First Burton Hospital – Duke Street
On the 20th March, 1867, a meeting was held in Bank House in the High Street to consider the building of an Infirmary in Burton upon Trent. One curious feature of the occasion was that all seven who came were associated with the brewing trade and no member of the medical profession was in attendance. Possibly the problem was thought at this stage to be a purely business affair, although it is more than likely that at least some discussion with the senior doctors had gone on behind the scenes. Robert Belcher, Fellow of the Royal College of Surgeons, was brother-in-law to W. H. Worthington, one of the founder members of the committee. It may be the idea had been simmering in the minds of a few people for some time, but the precipitating factor was a legacy of some £450 left by a Mr. Brough of Winshill for the specific purpose of founding a hospital in the town. Whatever other local conditions brought the hospital venture to a head at this time it is extremely doubtful if any member of that committee was aware of just how propitious their timing was. During the previous decade two events had occurred which were to revolutionise the whole future character of the voluntary hospitals throughout the country.

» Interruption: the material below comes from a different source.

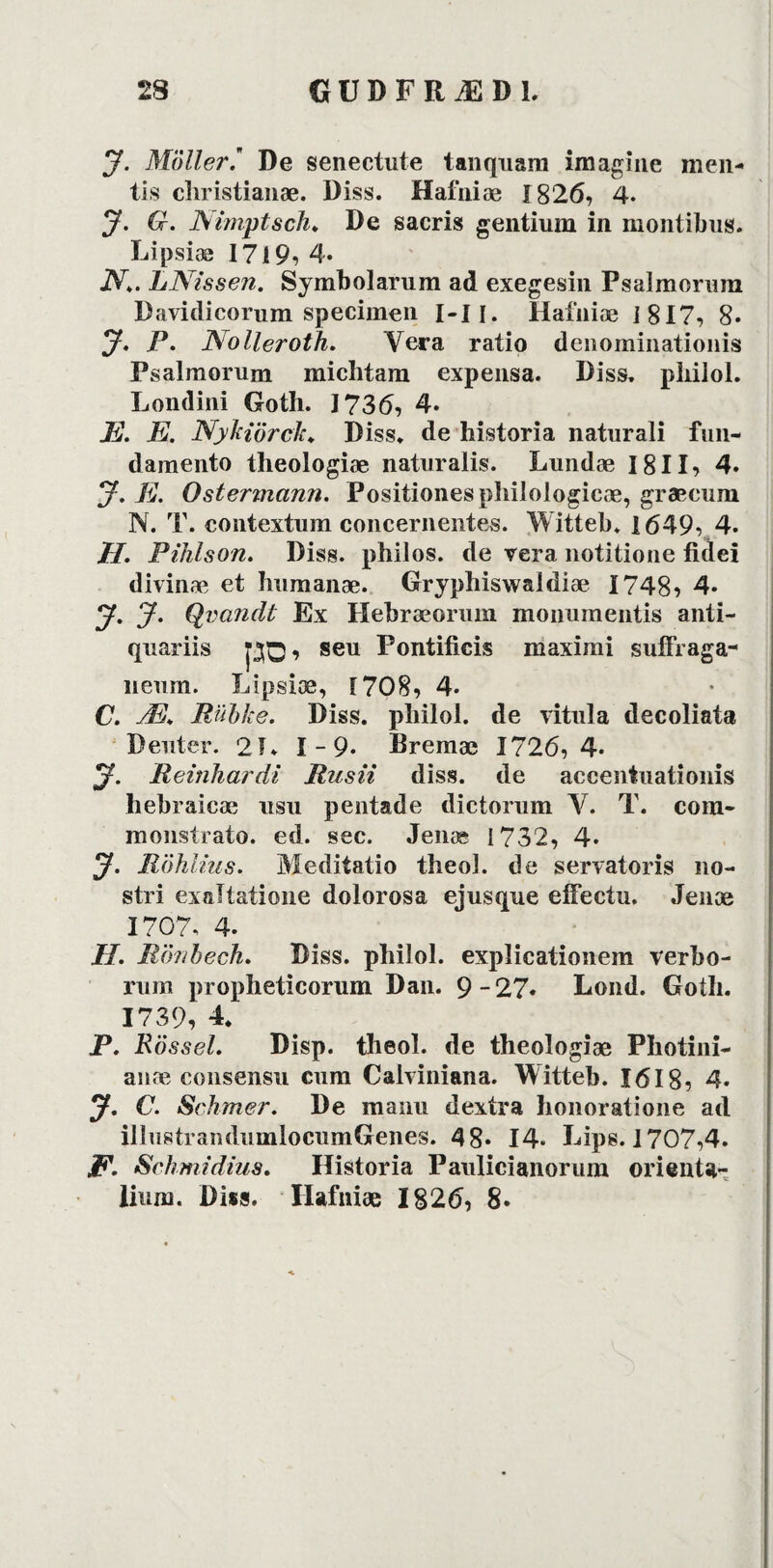 J. Moller.9 De senectute tanquam imagine men- tis christianæ. Diss. Hafniæ 1826, 4. J. G. Nimptsch* De sacris gentiuin in montibus. Lipsiæ I7i9, 4* N\. LNissen. Symbolarum ad exegesin Psalmorum Davidicorum specimen I-Ii. Hafniæ 1817, 8* J. P. Nolieroth. Vera ratio denominationis Psalmorum michtam expensa. Diss. pliilol. Londini Goth. 1736, 4. E. E. Nykiörclt♦ Diss. de historia naturali fun- damento theologiæ naturalis. Lundæ 1811, 4. J. E. Ostermann. Positiones philologicæ, græcum N. T. contextum concernentes. Witteb. 1649, 4. H. Pihlson. Diss. philos. de vera notitione fidei divinæ et humanæ. Gryphiswaldiæ 1748, 4- y. J. Qvatidt Ex Hebræorum monumentis anti- quariis pQ, seu Pontificis maximi suffraga- neum. Lipsiæ, 1708, 4. C. Æ. Rubke. Diss. pliilol. de vitula decoliata Denter. 21. 1-9* Dremæ 1726,4* y. Reinhardt Rnsii diss. de accentuationis hebraicæ usu pentade dictorum V. T. com- monstrato. ed. sec. Jenæ 1732, 4. y. Röhlius. Meditatio theol. de servatoris no- stri exaltatione dolorosa ejusque eifectu. Jenæ 1707. 4* H. Rör/bech. Diss. philol. explicationem verbo- rum propheticorum Dan. 9-27* Lond. Goth. 1739, 4. P. Rosset. Disp. theol. de theologiæ Photini- anæ consensu cum Calviniana. Witteb. 1618, 4* y. C. Schmer. De manu dextra honoratione ad illustrandumlocumGenes. 48* 14- Lips. 1707,4. F. Schmidius. Historia Paulicianorum orienta- lium. Diss. Hafniæ 1826, 8.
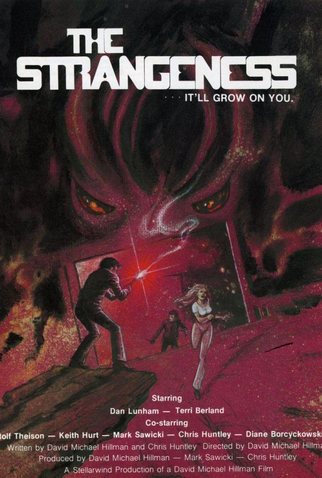 Poster 2 de Filme The Strangeness (1985)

Once the decision to build the Infirmary had been taken the first problem was money. The original concept was to build a twelve bedded unit at an estimated cost of some £1,700. At the first meeting in March of 1867 Major Gretton of Bass’s and Captain Townshend of Allsopps promised a sum of £500 from their respective breweries on the understanding that a further £1,000 would be raised from other sources. It was a method the brewers were to repeat on more than one occasion over the years. Their gifts did not become valid until the whole capital sum for any project had been raised. The town and district was divided between members of the committee to canvas their friends and business associates. Subscription lists were published in the local press giving the names of the donors and the amounts subscribed. It was a method which took full advantage of the principle of keeping up with the Joneses. The slightest hint at an afternoon tea party that the hostess’s name had not appeared on the list caused many a husband to subscribe twice as much as he had originally intended to do. Within a few months over £2,000 had been promised; but promises were not cash in the bank and it is surprising how many subscribers had to be nudged and nudged again before their cheques arrived. By March, 1868, the promises amounted to £2,683 of which only £605 had been actually paid into the Infirmary’s account at the Burton, Uttoxeter, and Ashbourne bank. On the whole the promises were eventually kept and by the time the new Infirmary was opened in October, 1869, only a few pounds had to be written off.
The committee’s second problem was to find an appropriate site for the new building and for the first time the ‘medical gentlemen of the town’ were called into consultation and an area in Duke Street approved. Most of the property was on leasehold to several different owners, but the freehold was in the hands of the Marquess of Anglesey and a deputation waited on Mr. Darling, agent to the Marquess. Darling was a man of considerable business ability and had obviously a good deal of freedom in dealing with estate matters, but not unnaturally his only concern was to see that any transaction was carried out in the best interests of the Marquess. At the first meeting he had rather surprisingly agreed that the Marquess would give the freehold of the actual building site to the Infirmary committee and some additional adjoining property which might be needed for future extensions on a ninety-nine year lease at an annual rental of five pounds, provided the Infirmary bought out the sitting leaseholders. On the strength of this agreement the committee went ahead. Leaseholds were bought over and three architects invited to submit plans for the new Infirmary. With the funds promised now well over the £2,000 mark it was felt possible to plan for a twenty-two bedded hospital rather than the twelve of the original scheme. There was to be accommodation for the nurses, domestics and the House Surgeon, a dispensary, an operating room, and in the blunt language of the time a ‘dead house’ or mortuary. The plans were submitted to the Committee and the doctors and Mr. Holmes’ plan accepted on the understanding that the total cost would not exceed £2,300, the building to be completed in seven months, and the architect’s commission agreed at five percent. Tenders for the building were invited and all seemed progressing well when a letter from Darling brought things to an abrupt halt.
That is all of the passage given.